Dora limpiaba el salón. Cuando llegó ante la mesilla donde reposaba el teléfono, una idea pareció iluminarla. Miró a un lado y a otro con intención y comprobó que no había nadie. Le parecía que los señores debían de haber salido, pero no estaba segura porque siempre que lo hacían se despedían de ella y le dejaban instrucciones. Debían de andar por arriba, vistiéndose para salir. Dora retrocedió hacia el interior de la casa y, al pasar ante la puerta abierta del gabinete, vio a los dos hombres poniéndose en pie. Dora se alejó apresurada y en ese momento aparecieron su señora y la señora Elena, vestidas ambas con una impecable informalidad deportiva.
—Nos vamos, Dora.
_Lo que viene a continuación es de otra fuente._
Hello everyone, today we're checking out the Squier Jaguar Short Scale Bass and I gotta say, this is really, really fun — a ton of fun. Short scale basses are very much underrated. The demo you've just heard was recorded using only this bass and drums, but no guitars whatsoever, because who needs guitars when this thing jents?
Los chicos vendrán a comer; eso espero —añadió dirigiéndose a Elena en un susurro—, así que téngaselo preparado. Nosotros comemos fuera y volveremos a media tarde.
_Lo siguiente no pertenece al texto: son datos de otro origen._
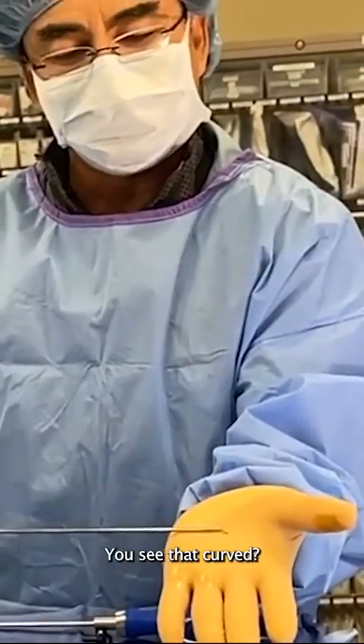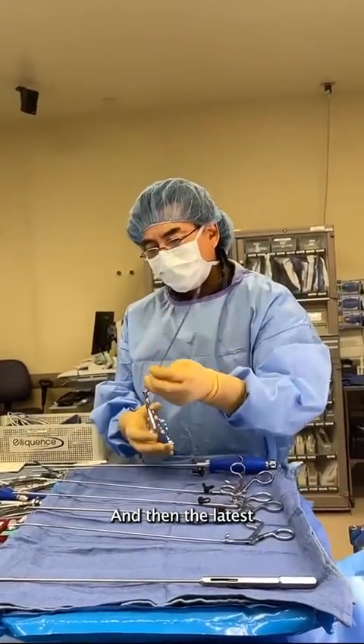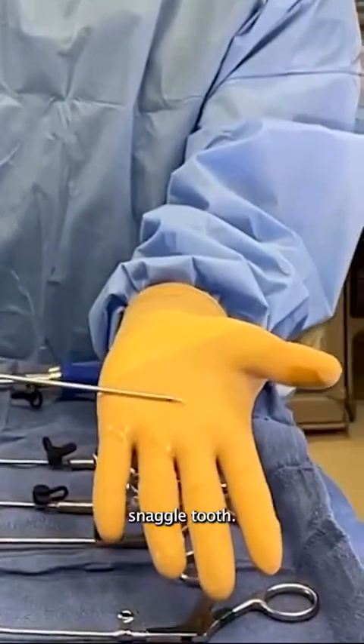The curved ball tip feeler — you see that? It's curved. We call that the Viagra. Don't ask us why, we just do. And then the latest: an articulating ball tip hook. You see that? We call this the snaggle tooth.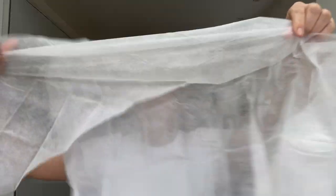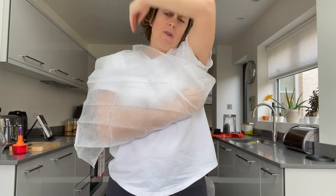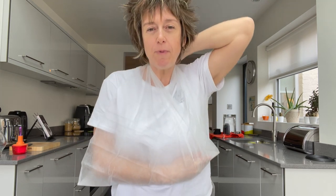Other bandages to consider are triangular bandages, otherwise known as slings. When you open one up you've got a triangular-shaped bandage — some have more cotton-like material. This will be great for making a sling that goes over the shoulder and ties in place for someone who's maybe broken their arm. I'll leave the sling video linked below if you want to see how to do them.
Los vio salir por la puerta, a los cuatro, y luego oyó el ruido del motor al ponerse en marcha y el deslizamiento de las ruedas sobre la gravilla. Entonces se apresuró a llegar al salón, sacó de su estante la guía de teléfonos, buscó aprisa y, por fin, encontró lo que buscaba y marcó un número de teléfono.
—Oiga, ¿es el Juzgado? ¿Sí? —por un momento pareció vacilar o quedarse en blanco—. Oiga —dijo por fin—, quería hablar con la Jueza.
—…
—Dígale que soy la criada de los señores de Arriaza y que es muy importante —apenas hubo dicho esto último, le sacudió un escalofrío. ¿Y si fuera una tontería?